Short descriptive text snippets
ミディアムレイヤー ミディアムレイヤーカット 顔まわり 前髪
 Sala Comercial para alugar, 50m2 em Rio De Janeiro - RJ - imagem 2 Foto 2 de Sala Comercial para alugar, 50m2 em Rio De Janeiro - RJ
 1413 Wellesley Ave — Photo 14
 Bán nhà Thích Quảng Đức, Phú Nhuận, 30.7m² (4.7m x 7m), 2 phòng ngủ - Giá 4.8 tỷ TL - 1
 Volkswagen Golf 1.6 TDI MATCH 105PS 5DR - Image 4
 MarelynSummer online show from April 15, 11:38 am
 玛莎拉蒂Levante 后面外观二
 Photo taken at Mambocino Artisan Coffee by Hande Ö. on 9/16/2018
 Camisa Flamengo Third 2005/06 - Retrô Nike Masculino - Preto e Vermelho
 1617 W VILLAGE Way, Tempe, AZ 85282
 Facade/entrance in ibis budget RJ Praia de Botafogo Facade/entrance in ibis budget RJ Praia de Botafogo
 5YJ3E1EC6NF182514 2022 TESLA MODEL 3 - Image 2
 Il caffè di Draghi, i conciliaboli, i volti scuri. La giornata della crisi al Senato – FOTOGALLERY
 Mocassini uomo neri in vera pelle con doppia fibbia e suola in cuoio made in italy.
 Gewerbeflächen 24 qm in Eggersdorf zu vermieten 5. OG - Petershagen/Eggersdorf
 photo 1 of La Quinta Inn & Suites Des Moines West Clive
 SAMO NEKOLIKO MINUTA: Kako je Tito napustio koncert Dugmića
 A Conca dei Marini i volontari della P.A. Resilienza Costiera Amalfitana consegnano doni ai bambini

§ What you should do:
Your reply should be a verbatim retyping of the lines from the one that holds "Il caffè di" through the last line of the entries.

§ Solution for this problem:
 Il caffè di Draghi, i conciliaboli, i volti scuri. La giornata della crisi al Senato – FOTOGALLERY
 Mocassini uomo neri in vera pelle con doppia fibbia e suola in cuoio made in italy.
 Gewerbeflächen 24 qm in Eggersdorf zu vermieten 5. OG - Petershagen/Eggersdorf
 photo 1 of La Quinta Inn & Suites Des Moines West Clive
 SAMO NEKOLIKO MINUTA: Kako je Tito napustio koncert Dugmića
 A Conca dei Marini i volontari della P.A. Resilienza Costiera Amalfitana consegnano doni ai bambini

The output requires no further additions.